• [Data section]:
◇ ◇ ◇
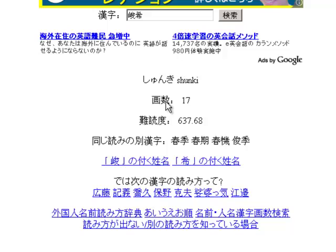When you get the results, you'll notice it has a couple of different things, and the third one is Onaji Yomi no Betsu Kanji. This shows you other ways to write the same name — you can read it the same way but using different kanji. It can be quite interesting to see other names this way.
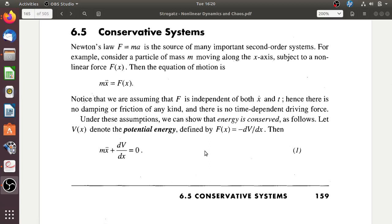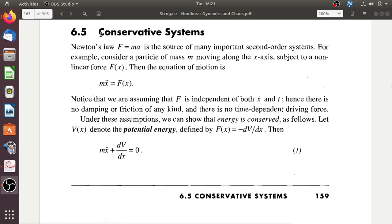In this video and some of the following videos, we are going to classify dynamical systems based on some of their properties. The first classification we are going to discuss is a conservative system.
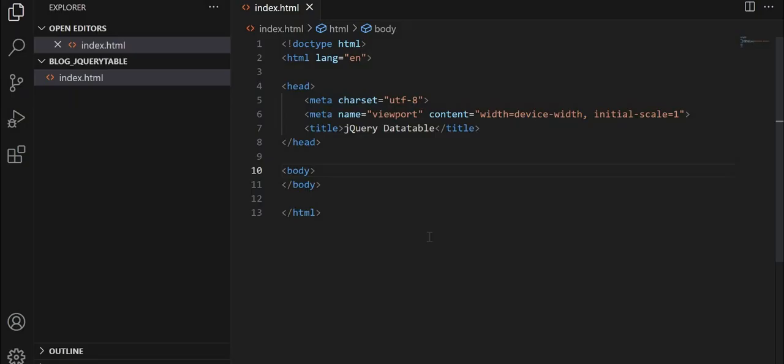So here you can see that I have created index.html file and here I have the boilerplate code to get started.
◇ ◇ ◇
• [What to work on]: Your copy should start at the line with "In this video", stop at the last line of the listing above, match exactly, and contain no pictures.

• [Reply]:
In this video and some of the following videos, we are going to classify dynamical systems based on some of their properties. The first classification we are going to discuss is a conservative system.
So here you can see that I have created index.html file and here I have the boilerplate code to get started.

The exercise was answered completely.